1. Field of the Invention



[0001] The present disclosure relates to combustors, and more particularly to pilot nozzles such as those used in combustor nozzles for gas turbine engines.

2. Description of Related Art



[0002] In gas turbine engines, such as industrial gas turbine engines used for power production, there is often a need to utilize more than one type of fuel. Dual fuel injectors within the gas turbine engines operate to mix air and fuel together for combustion. A dual fuel system can introduce additional challenges with respect to mixing fuel and air. To reduce NOx emissions, air and fuel typically need to be adequately mixed. Fuel staging can be used to achieve better mixing and low NOx combustion.

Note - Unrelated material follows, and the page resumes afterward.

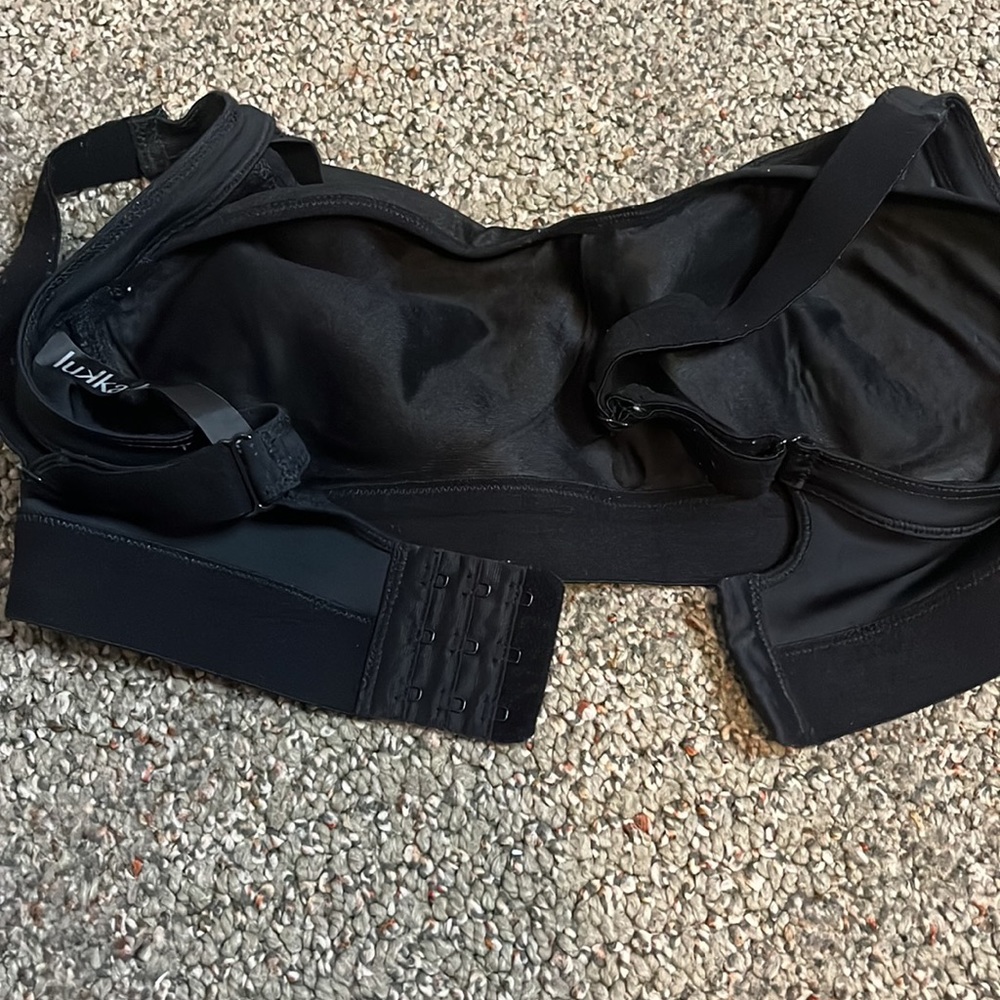Asymmetrical black sports bra - Picture 3 of 4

[0003] The conventional techniques have been considered satisfactory for their intended purpose. However, there is an ever present need for improved fuel injection and air-fuel mixing. This disclosure provides a solution for this.

SUMMARY OF THE INVENTION



[0004] A pilot nozzle for a dual fuel turbine engine includes an inner air circuit, a gaseous fuel circuit radially outward from the inner air circuit, a liquid fuel circuit radially outward from the inner air circuit, an outer air circuit radially outward from the liquid fuel circuit and the gaseous fuel circuit, and a shroud radially outward from the outer air circuit. The shroud is configured to stabilize a pilot re-circulation zone downstream from outlets of the inner and outer air circuits and the liquid and gaseous fuel circuits.

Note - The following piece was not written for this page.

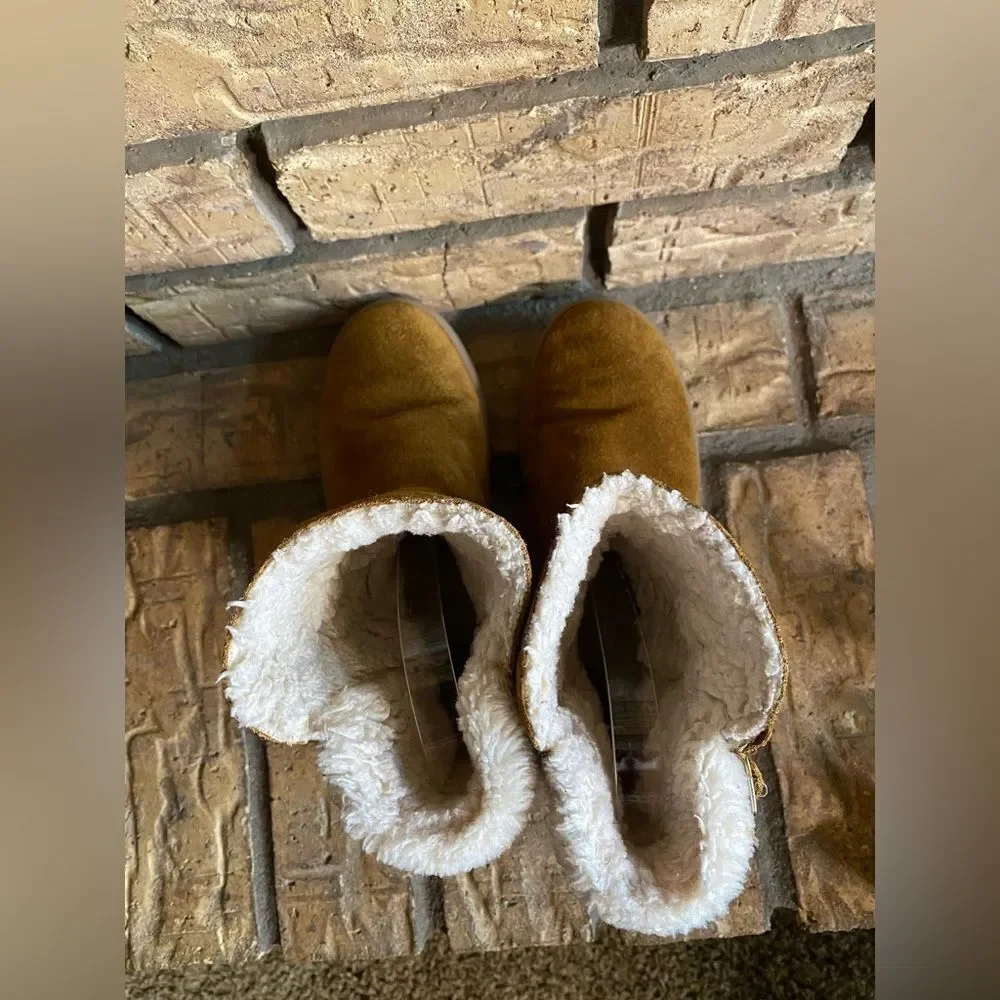 Brown koolaburra booties‎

[0005] In certain embodiments, the shroud defines a longitudinal axis and includes an upstream end at a first axial position proximate to the outer air circuit and a downstream end at a second axial position downstream from the outlets of the inner and outer air circuits and the liquid and gaseous fuel circuits. The downstream end of the shroud can include a diverging portion.

[0006] In accordance with some embodiments, the pilot re-circulation zone is radially inward from an inner diameter of the shroud. The liquid fuel circuit can be radially outward from the gaseous fuel circuit. The outer air circuit can be a converging, non-swirling air circuit. The inner air circuit can be a swirling air circuit. The inner and outer air circuits and the liquid and gaseous fuel circuits can be co-axial with one another. The pilot nozzle can include an ignition device radially inward from the inner air circuit. The pilot nozzle can include a floating seal positioned between the ignition device and the inner air circuit.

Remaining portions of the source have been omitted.